Dépêches AFP du 5 juillet 2023

#LDK21 : 40e anniversaire de la loi du 13 juillet 1983 créant le statut général des fonctionnaires
« En conflit avec la logique marchande qui domine la vie économique », le statut moderne des fonctionnaires « n’a pas arrêté d’être attaqué » depuis sa création il y a quarante ans, estime son créateur, Anicet Le Pors, dans un entretien à l’AFP.
« Le fait d’être attaqué, pour le statut général des fonctionnaires, est un état normal », insiste l’ancien ministre de la Fonction publique de François Mitterrand (1981-1984), qui cosigne mercredi une tribune défendant le statut de fonctionnaire.

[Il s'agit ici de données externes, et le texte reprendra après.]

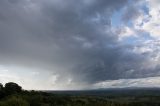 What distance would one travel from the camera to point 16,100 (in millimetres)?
27781

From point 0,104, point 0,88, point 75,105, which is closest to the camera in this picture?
point 0,104

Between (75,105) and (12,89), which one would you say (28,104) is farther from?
(12,89)

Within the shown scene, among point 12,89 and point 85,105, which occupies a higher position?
point 12,89

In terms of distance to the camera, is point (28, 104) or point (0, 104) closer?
point (0, 104)

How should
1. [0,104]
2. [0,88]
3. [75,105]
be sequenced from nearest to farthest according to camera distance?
[0,104], [75,105], [0,88]

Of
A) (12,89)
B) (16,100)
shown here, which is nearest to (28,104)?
(16,100)

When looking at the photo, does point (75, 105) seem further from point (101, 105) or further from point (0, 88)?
point (0, 88)


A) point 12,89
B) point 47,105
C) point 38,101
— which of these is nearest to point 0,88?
point 12,89

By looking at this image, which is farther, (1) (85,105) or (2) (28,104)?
(1) (85,105)

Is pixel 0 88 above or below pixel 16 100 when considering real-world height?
above

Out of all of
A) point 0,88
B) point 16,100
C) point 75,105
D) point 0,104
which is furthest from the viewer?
point 0,88

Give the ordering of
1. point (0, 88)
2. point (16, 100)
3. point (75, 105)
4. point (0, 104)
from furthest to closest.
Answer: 1. point (0, 88)
2. point (75, 105)
3. point (16, 100)
4. point (0, 104)

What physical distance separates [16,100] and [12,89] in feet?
51.4

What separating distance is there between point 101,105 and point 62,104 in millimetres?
4640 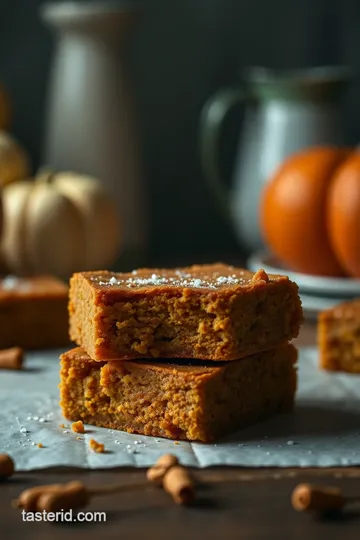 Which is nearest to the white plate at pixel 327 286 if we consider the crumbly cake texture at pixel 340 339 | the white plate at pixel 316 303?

« Comme c’est un instrument majeur de poursuite de l’intérêt général, il s’inscrit en conflit avec la logique marchande qui domine la vie économique et plus généralement la vie des sociétés », juge auprès de l’AFP l’ancien responsable communiste.
Après de premières ébauches de statut en 1946 et en 1959, la loi du 13 juillet 1983 a gravé dans le marbre une série de droits, rapelle Anicet Le Pors, aujourd’hui âgé de 92 ans.
« Par exemple, le droit de grève n’était pas dans le statut du fonctionnaire! » s’exclame-t-il.
« La mobilité a été érigée au rang de garantie fondamentale, le droit à la négociation des syndicats a été inscrit dans le statut », comme « le droit à la formation initiale et continue ».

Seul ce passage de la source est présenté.